**WHAT IS BEING ASKED**
Set the records down again. Match every line exactly.

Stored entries
::::

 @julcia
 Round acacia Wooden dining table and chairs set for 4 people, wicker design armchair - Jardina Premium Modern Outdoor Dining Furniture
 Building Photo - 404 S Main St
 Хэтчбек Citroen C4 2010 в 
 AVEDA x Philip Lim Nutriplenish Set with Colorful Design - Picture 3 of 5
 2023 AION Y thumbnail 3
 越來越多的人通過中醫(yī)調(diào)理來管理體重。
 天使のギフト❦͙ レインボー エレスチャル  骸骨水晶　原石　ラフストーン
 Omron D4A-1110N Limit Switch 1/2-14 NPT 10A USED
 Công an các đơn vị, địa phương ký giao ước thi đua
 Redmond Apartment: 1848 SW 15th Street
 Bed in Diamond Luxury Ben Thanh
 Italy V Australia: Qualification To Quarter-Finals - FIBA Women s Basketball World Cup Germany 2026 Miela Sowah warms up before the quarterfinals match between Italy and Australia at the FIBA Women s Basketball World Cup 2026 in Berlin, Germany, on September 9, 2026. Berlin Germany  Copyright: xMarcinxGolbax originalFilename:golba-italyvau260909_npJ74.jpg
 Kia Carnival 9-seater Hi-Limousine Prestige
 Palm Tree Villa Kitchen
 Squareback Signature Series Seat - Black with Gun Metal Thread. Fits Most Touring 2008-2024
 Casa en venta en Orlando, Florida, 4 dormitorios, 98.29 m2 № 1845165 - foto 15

::::

**RESULT OF THIS TASK**
 @julcia
 Round acacia Wooden dining table and chairs set for 4 people, wicker design armchair - Jardina Premium Modern Outdoor Dining Furniture
 Building Photo - 404 S Main St
 Хэтчбек Citroen C4 2010 в 
 AVEDA x Philip Lim Nutriplenish Set with Colorful Design - Picture 3 of 5
 2023 AION Y thumbnail 3
 越來越多的人通過中醫(yī)調(diào)理來管理體重。
 天使のギフト❦͙ レインボー エレスチャル  骸骨水晶　原石　ラフストーン
 Omron D4A-1110N Limit Switch 1/2-14 NPT 10A USED
 Công an các đơn vị, địa phương ký giao ước thi đua
 Redmond Apartment: 1848 SW 15th Street
 Bed in Diamond Luxury Ben Thanh
 Italy V Australia: Qualification To Quarter-Finals - FIBA Women s Basketball World Cup Germany 2026 Miela Sowah warms up before the quarterfinals match between Italy and Australia at the FIBA Women s Basketball World Cup 2026 in Berlin, Germany, on September 9, 2026. Berlin Germany  Copyright: xMarcinxGolbax originalFilename:golba-italyvau260909_npJ74.jpg
 Kia Carnival 9-seater Hi-Limousine Prestige
 Palm Tree Villa Kitchen
 Squareback Signature Series Seat - Black with Gun Metal Thread. Fits Most Touring 2008-2024
 Casa en venta en Orlando, Florida, 4 dormitorios, 98.29 m2 № 1845165 - foto 15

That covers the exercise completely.